== Data for this task ==

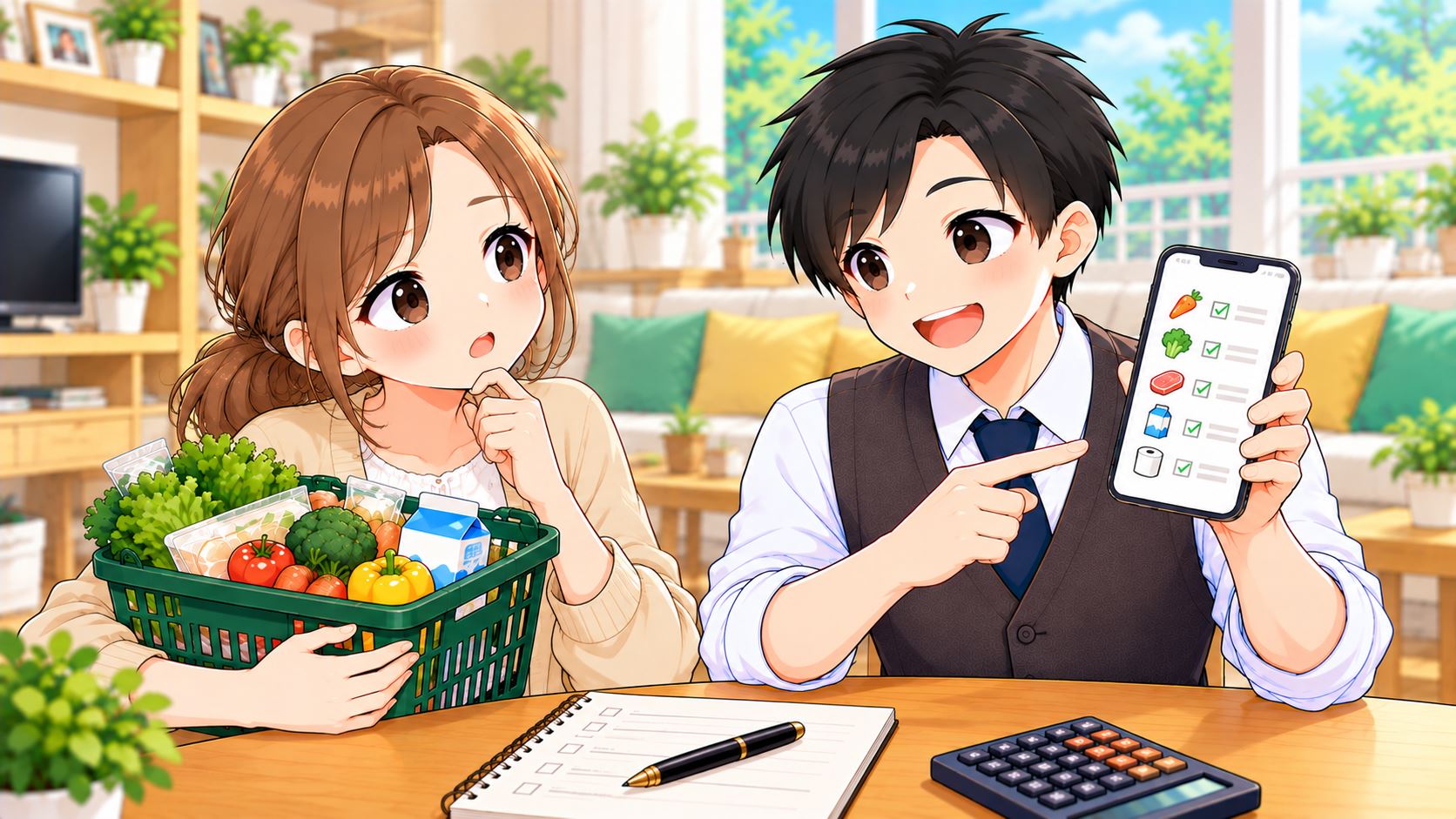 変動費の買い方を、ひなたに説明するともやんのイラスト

===
== Data for this task ==

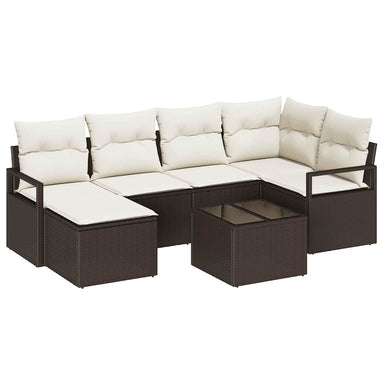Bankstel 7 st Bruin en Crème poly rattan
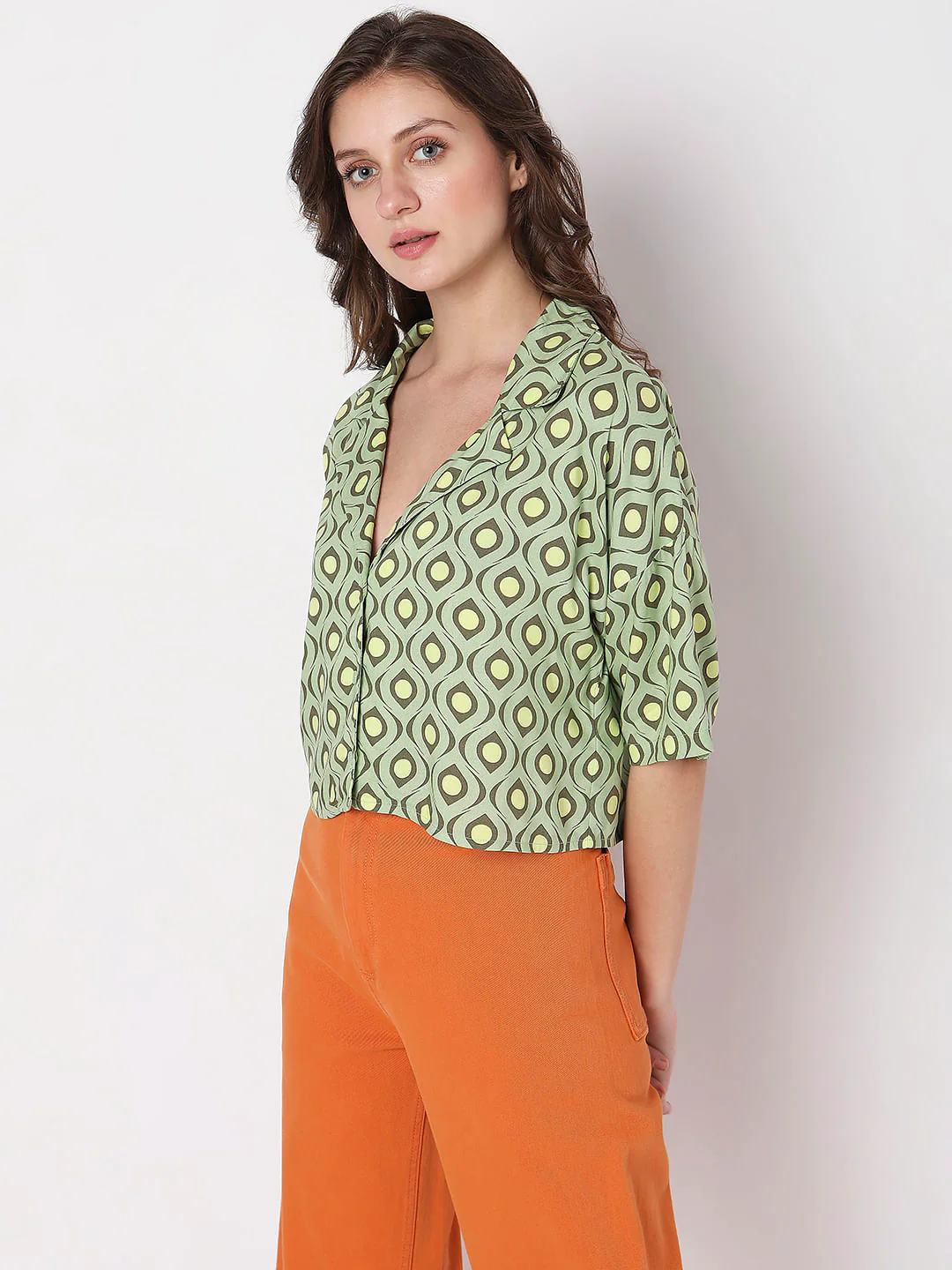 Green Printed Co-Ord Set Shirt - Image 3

===
== Data for this task ==

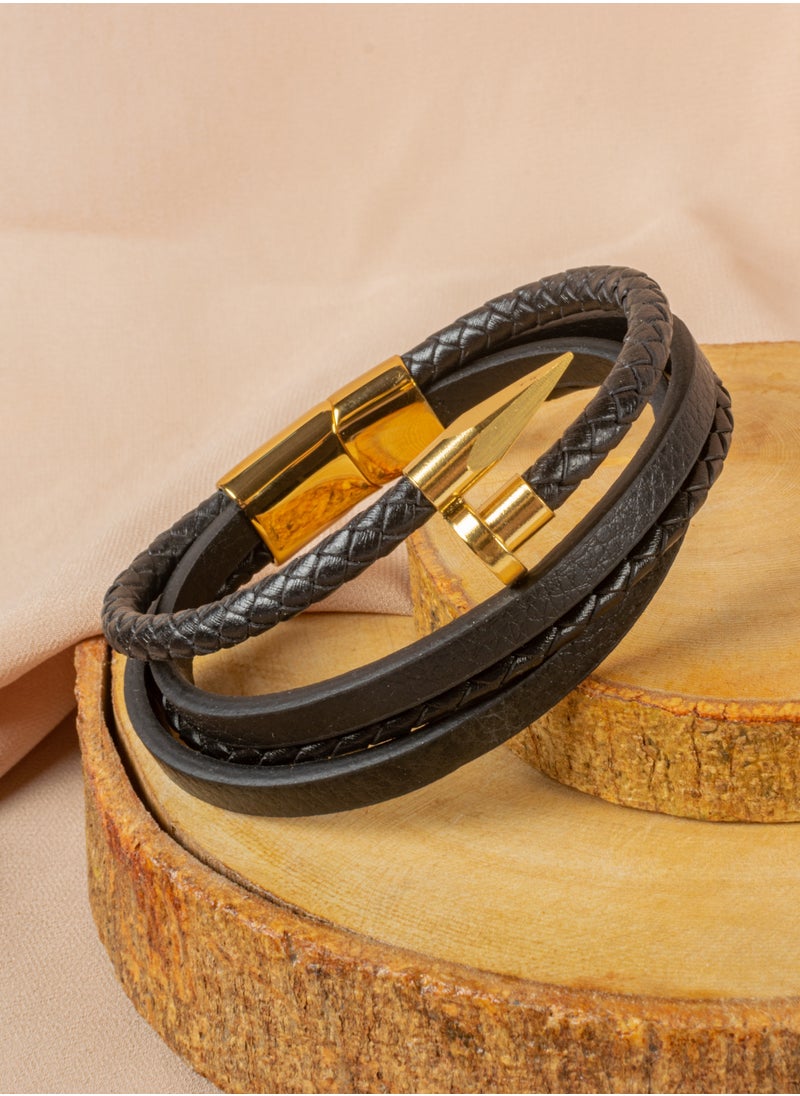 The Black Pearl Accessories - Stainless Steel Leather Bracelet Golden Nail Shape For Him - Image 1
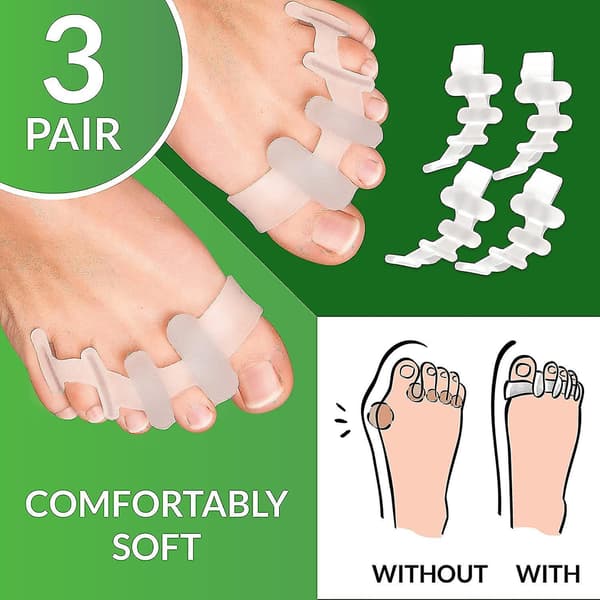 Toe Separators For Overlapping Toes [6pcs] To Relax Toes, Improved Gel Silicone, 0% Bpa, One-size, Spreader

===

# What you should do:
Among the records above, locate the line containing "The Black Pearl" and the line containing "Toe Separators For", then transcribe exactly the lines starting at the first and ending at the second, with no pictures.

# Response:
 The Black Pearl Accessories - Stainless Steel Leather Bracelet Golden Nail Shape For Him - Image 1
 Toe Separators For Overlapping Toes [6pcs] To Relax Toes, Improved Gel Silicone, 0% Bpa, One-size, Spreader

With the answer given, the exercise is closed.